MASKELİ DEPRESYON KENDİNİ NASIL BELLİ EDİYOR?
İnsan bedenen sağlıklı olduğu halde, kendini hasta hissedip bir hastalığın tüm ağrılarını çekebilir mi? Yani gerçekte fiziksel bir hastalığı olmadığı halde, fiziksel yakınmalarla hastaneye başvurabilir mi? Evet, böyle bir tablo olabiliyor. Özellikle öfkesini bastıran kişilerde görülen maskeli depresyon normal depresyondan farklı olarak ruhsal sıkıntılar yerine fiziksel belirtilerle kendini gösteriyor. Örneğin kronik bel veya baş ağrısı, mide ve bağırsak ile sıkıntılar (ishal, kabızlık, şişkinlik, gaz), baş dönmesi, başta ağırlık gibi baş bölgesi ile sıkıntılar, nefes darlığı, nefesin yetmemesi, kalpte sıkışma, kalp atışlarının hızlanması, kaslarda ve eklemlerde ağrı olabiliyor. Bu şekilde kendini gösteren bedensel sıkıntıların altında ruhsal problemlerin yatabiliyor. Maskeli depresyonda beyindeki seratonin salınımı azalıyor, bu nedenle kişi kendini mutsuz, halsiz, çaresiz ve değersiz hissetmeye başlıyor. Seratonin hormonu ağrı kesici özelliği var… Seratonin salınımı azaldığı zaman insanların ağrıları artıyor.
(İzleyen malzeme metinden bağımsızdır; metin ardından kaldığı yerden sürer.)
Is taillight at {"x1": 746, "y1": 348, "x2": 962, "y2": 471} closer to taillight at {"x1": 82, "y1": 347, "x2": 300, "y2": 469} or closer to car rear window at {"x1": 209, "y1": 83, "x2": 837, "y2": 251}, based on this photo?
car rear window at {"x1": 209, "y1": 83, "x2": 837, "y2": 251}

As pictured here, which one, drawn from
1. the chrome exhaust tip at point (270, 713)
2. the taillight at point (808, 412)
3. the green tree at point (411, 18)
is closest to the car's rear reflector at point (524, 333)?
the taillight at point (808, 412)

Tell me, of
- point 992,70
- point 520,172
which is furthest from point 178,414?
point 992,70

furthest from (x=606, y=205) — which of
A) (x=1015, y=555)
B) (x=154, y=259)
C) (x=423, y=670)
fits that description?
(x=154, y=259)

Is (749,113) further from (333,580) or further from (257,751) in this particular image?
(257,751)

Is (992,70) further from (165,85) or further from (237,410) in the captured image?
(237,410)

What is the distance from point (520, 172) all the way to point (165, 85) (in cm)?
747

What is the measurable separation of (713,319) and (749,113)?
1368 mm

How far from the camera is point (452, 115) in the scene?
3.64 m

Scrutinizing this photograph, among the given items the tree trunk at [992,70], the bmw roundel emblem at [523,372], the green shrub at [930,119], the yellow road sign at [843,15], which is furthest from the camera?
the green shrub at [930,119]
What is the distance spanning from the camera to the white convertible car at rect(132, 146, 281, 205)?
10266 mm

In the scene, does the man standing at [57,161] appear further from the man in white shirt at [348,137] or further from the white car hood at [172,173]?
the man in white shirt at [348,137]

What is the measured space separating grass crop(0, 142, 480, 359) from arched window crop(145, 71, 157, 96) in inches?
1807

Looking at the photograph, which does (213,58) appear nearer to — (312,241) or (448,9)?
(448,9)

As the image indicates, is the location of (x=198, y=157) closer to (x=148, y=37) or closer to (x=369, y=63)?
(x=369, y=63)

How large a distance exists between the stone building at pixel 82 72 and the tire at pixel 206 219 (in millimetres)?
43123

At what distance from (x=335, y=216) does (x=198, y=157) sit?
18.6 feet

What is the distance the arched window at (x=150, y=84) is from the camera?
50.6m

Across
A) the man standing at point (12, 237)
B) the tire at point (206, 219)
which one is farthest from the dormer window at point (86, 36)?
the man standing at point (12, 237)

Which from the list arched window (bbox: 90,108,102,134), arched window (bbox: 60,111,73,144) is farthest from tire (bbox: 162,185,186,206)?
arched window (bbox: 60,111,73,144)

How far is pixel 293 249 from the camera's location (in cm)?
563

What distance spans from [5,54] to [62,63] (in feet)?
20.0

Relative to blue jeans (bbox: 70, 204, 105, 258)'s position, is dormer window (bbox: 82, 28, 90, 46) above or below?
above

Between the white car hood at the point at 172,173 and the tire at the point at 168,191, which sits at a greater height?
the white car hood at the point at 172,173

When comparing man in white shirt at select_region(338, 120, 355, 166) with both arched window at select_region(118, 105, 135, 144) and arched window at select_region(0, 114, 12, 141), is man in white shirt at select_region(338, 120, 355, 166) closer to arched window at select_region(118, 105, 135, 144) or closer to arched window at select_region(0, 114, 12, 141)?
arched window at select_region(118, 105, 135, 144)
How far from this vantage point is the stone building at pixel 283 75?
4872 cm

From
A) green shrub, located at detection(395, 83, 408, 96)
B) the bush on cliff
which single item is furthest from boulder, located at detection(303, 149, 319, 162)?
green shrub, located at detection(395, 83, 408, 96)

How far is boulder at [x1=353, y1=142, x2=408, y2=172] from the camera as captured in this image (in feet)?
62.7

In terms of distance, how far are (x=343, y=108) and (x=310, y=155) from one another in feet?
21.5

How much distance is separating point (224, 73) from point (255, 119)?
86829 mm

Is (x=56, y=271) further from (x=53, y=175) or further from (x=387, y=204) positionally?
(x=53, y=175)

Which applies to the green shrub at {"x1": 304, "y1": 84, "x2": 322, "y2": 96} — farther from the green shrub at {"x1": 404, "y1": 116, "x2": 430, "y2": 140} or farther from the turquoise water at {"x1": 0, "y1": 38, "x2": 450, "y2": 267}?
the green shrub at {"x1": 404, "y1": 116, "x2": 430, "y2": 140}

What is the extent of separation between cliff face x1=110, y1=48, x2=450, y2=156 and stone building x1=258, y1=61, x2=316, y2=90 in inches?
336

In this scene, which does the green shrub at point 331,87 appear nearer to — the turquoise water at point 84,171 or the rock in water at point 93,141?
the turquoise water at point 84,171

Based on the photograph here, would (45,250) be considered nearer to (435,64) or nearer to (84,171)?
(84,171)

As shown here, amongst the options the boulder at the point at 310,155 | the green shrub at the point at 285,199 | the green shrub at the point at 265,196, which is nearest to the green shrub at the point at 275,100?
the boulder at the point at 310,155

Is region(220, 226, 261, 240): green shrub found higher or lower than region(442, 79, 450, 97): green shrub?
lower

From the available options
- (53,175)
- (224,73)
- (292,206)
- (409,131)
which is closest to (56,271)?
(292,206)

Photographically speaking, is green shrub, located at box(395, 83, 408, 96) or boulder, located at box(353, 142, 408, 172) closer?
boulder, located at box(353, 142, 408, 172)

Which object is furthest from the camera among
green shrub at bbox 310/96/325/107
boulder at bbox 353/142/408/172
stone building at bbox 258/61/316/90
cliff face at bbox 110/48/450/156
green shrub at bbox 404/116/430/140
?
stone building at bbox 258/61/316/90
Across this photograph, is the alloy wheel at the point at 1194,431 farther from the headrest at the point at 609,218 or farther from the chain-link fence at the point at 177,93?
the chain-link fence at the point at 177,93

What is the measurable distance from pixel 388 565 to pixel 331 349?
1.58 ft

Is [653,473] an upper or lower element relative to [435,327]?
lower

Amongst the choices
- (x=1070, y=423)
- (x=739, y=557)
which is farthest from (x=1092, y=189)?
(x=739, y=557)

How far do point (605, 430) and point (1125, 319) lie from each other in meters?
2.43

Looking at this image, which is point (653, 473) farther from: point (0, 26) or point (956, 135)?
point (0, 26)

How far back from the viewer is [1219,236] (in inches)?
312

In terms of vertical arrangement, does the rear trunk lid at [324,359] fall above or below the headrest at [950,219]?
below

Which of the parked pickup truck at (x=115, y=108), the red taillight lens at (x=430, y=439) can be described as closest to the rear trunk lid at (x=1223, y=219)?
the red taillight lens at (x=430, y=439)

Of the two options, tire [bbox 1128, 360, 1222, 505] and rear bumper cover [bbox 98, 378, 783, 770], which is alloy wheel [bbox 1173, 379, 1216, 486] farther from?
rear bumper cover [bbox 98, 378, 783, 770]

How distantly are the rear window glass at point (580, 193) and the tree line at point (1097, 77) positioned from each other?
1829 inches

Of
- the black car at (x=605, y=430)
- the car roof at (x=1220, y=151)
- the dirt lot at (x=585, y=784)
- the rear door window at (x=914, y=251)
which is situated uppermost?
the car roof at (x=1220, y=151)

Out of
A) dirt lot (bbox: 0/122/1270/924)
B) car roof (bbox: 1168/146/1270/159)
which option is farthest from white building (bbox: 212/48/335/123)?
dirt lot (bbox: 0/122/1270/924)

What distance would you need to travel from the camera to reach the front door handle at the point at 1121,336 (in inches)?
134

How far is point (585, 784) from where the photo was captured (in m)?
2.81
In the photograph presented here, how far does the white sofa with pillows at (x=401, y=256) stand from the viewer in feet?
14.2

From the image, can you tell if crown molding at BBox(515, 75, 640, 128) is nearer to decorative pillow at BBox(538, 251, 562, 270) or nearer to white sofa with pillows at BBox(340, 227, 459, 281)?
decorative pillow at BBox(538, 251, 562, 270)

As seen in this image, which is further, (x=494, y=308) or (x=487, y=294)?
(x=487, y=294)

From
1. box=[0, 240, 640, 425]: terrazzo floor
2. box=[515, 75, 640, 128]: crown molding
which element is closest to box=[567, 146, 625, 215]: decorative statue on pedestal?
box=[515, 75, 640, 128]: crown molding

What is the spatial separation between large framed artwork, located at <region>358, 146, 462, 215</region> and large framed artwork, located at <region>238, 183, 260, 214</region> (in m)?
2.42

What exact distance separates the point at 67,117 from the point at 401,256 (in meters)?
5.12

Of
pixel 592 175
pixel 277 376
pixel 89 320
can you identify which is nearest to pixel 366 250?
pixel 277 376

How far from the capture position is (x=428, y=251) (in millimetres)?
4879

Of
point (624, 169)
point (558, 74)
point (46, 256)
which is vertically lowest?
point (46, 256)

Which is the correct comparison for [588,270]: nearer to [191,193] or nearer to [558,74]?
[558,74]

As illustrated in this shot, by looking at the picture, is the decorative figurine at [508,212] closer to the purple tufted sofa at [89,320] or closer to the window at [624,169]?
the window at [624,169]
Maskeli depresyondaki ağrılar bununla ilgili…
NASIL ANLAŞILIYOR?
Kadınlarda erkeklere göre daha çok yaşanan maskeli depresyon daha çok orta yaş ve ileri yaşlarda daha sık görülüyor. Maskeli depresyona sahip kişiler genellikle fiziksel şikâyetleri için hekime başvuruyor ve ilaç tedavisine alınıyor ama depresyonda oldukları anlaşılamıyor. Hekimler vücudun çeşitli yerlerindeki ağrı ve sızılardan dolayı depresyon tanısını koyamadığı gibi ruhsal bir sorun olduğunu da fark edemiyor. Eğer hekim fiziksel şikâyetleri açıklayacak bir durum tespit edemezse ve maskeli depresyon konusunda bilgiliyse, kişiye ruh haliyle ve kendini nasıl hissettiğiyle ilgili sorular sorabiliyorsa, onun maskeli depresyonda olduğu anlayabiliyor ve bir terapiste veya psikiyatri uzmanına sevk edebiliyor. Ancak çoğu zaman fiziksel belirtilerin ön planda olduğu maskeli depresyonda kişi depresyona girdiği bilincine sahip olamıyor. Fiziksel belirtiler özellikle sabah saatlerinde ortaya çıkmakla birlikte, kişide genel bir yorgunluk hali ve keyifsizlik olarak görülüyor. Diğer depresyon çeşitlerinin aksine, maskeli depresyon kişinin sosyal çevresinden uzaklaşmasına, ikili ilişkilerinde sorun yaşamasına ve yalnızlaşmasına neden olmuyor. Bu nedenle tanı koymak zor oluyor.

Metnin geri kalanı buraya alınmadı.